L’expression de coup de Jarnac a été sans doute popularisée par ce duel, mais en a-t-elle tiré réellement son origine ? Il paraît qu’elle a existé antérieurement pour désigner le coup d’une espèce de poignard nommé jarnac, peut-être parce qu’il était fabriqué dans la ville de Jarnac, comme un autre poignard, dont le manche s’adapte au bout du fusil, a été nommé baïonnette de la ville de Baïonne où il a été inventé.

jarnicoton.

Jarnidieu ou je renie Dieu, était autrefois un juron très usité dans certains moments d’impatience et de colère. Henri IV l’avait souvent à la bouche. Le père Coton jésuite, son confesseur, l’engagea à se défaire de cette mauvaise habitude, et voyant qu’il y retombait toujours : Sire, lui dit-il, s’il vous faut absolument renier quelqu’un, reniez tout autre que Dieu ; reniez-moi plutôt. — Eh ! bien, soit, répondit le prince ; je dirai désormais je renie Coton. Il tint parole, et ce nouveau juron passa dans le langage populaire sous les termes corrompus jernicoton et jarnicoton.

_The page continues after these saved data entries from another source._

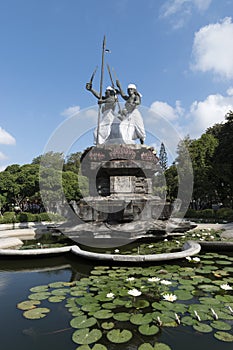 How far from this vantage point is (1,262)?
19.7 feet

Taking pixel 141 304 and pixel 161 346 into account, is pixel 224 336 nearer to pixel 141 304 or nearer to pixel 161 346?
pixel 161 346

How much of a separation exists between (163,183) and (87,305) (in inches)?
1023

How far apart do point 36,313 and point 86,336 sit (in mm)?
944

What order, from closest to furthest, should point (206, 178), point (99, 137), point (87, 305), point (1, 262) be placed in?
1. point (87, 305)
2. point (1, 262)
3. point (99, 137)
4. point (206, 178)

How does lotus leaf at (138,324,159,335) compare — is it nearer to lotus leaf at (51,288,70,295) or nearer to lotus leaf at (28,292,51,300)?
lotus leaf at (51,288,70,295)

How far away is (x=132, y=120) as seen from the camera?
11.9 m

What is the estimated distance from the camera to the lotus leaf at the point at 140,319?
112 inches

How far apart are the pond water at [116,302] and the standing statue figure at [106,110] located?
743cm

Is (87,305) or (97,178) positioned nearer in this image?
(87,305)

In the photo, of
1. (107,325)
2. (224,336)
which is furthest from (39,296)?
(224,336)

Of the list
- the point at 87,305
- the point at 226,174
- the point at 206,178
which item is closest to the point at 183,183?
the point at 206,178

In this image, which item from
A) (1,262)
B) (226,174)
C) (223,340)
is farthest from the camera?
(226,174)

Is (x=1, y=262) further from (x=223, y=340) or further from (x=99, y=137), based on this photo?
(x=99, y=137)

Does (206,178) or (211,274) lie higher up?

  1. Jarnac, qui dépensait beaucoup, quoiqu’il n’eût qu’un faible patrimoine, était soupçonné de devoir l’opulence dont il fesait parade aux libéralités de sa belle-mère, qui avait pour lui une tendresse plus que maternelle ; et Lachataigneraie avait eu l’indiscrétion de dire que la chose était vraie, d’après une confidence qu’il prétendait avoir reçue de Jarnac, lorsqu’ils étaient tous deux intimes. C’est ce qu’on voit dans les pièces mêmes du cartel qui ont été conservées.